In the original Mordiscado the house burns down with Zoe in it. I'd like to keep that ending. Before the house burns down the haunting intensifies and Zoe just completely breaks down. I'm currently living in a huge two-story house that was built in the early 20th century...there is no central air-conditioning and I do my writing in the library, the darkest room in the house. So that adds to the horror.

When I was in college I would read Edgar Allan Poe by candlelight in my dorm.
When I was a little girl I would beg my babysitters to tell me scary stories.
When I was a little girl I enjoyed scaring the hell out of my siblings and cousins.
I have a wealth of horror to draw from...

thus. I was born to write horror novels. Watch out, Stephen King. Prepare to be dethroned.

P.S. I just Googled "Mordiscado" and found THIS REVIEW!!! I'd never read this before. Thanks, man! Hopefully you'll like the revision even more! Now I am bound and determined to revise and sell Mordiscado. Because of this one beautiful review. Thank you!!!

1 comments:

michaeljamesmartin said...

i recently moved to texas, now living in my moms house out in the sticks. but there's this weird bad-juju vibe to the place. Once I woke up in the middle of the night and saw this tall shadow at the foot of my bed. I was instantly scared.
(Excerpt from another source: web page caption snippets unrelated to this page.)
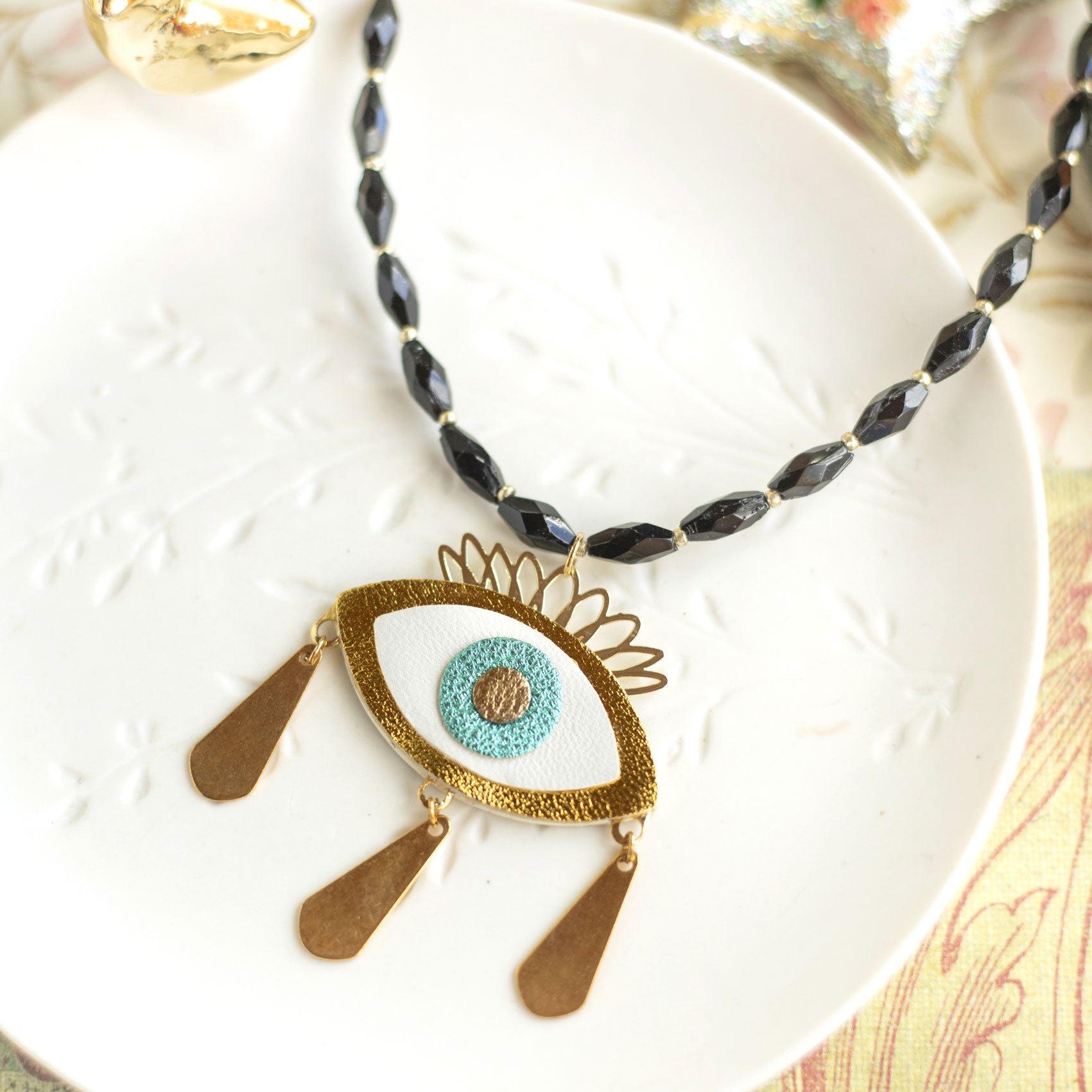 Collier Oeil d'Or Noir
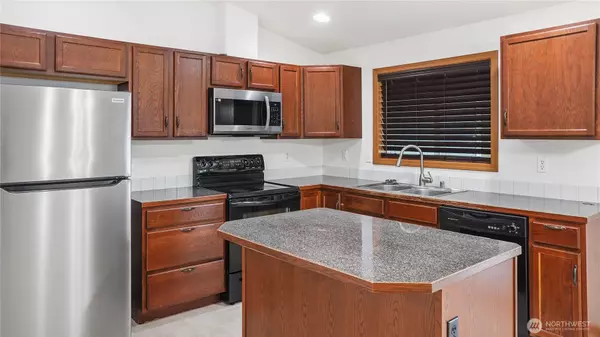 Othello, WA 99344,940 S Capstone AVE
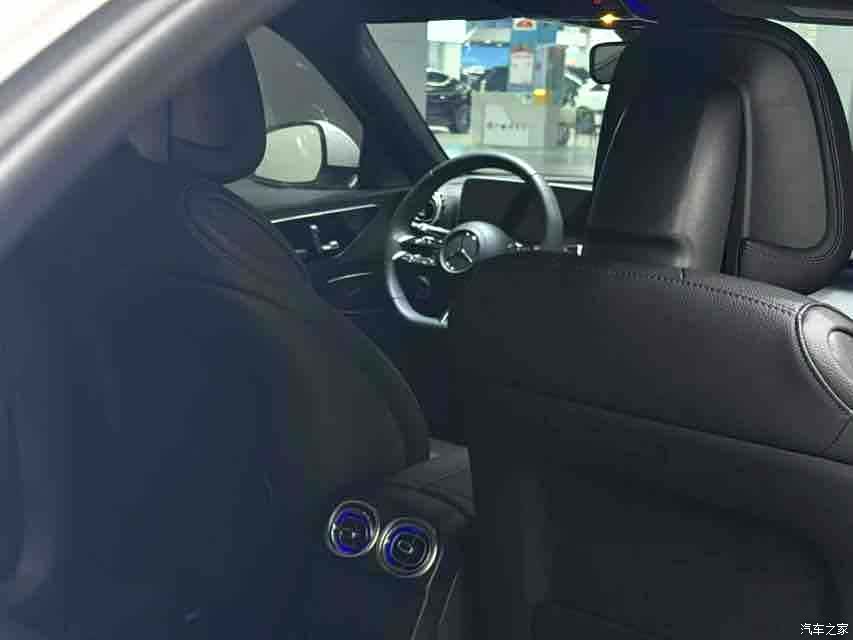 Mercedes-Benz C-Class, 2024 7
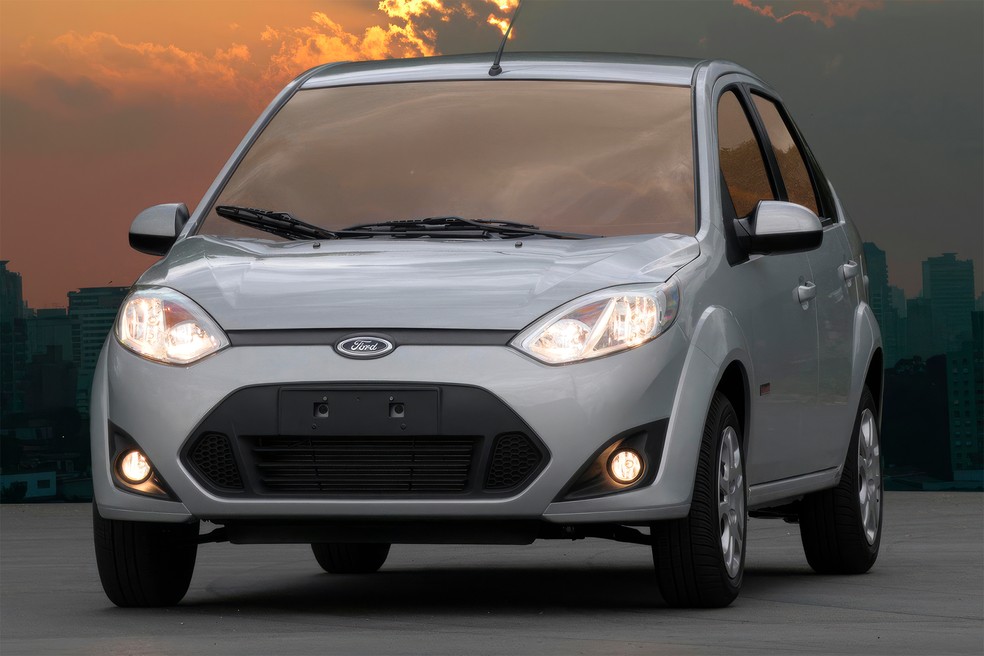 Ford Fiesta Sedan 2012 leva 487 litros no porta-malas, cerca de 80% a mais que a versão hatch, com o mesmo entre-eixos  — Foto: Ford/Divulgação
I have never been more scared in my face. And I kept looking at it (not through it, like regular shadows), but at this fucking thing and it wouldn't go away. Then it slowly faded and I wasn't scared anymore.

I mean, shit, I've been shot at, jumped, lived on the streets, etc, and that shit still scares me when I think about it.

I dig your lesbian take. I'm interested. I wrote about a lesbian once who liked pinching people and saying, "Trouble in your teeth".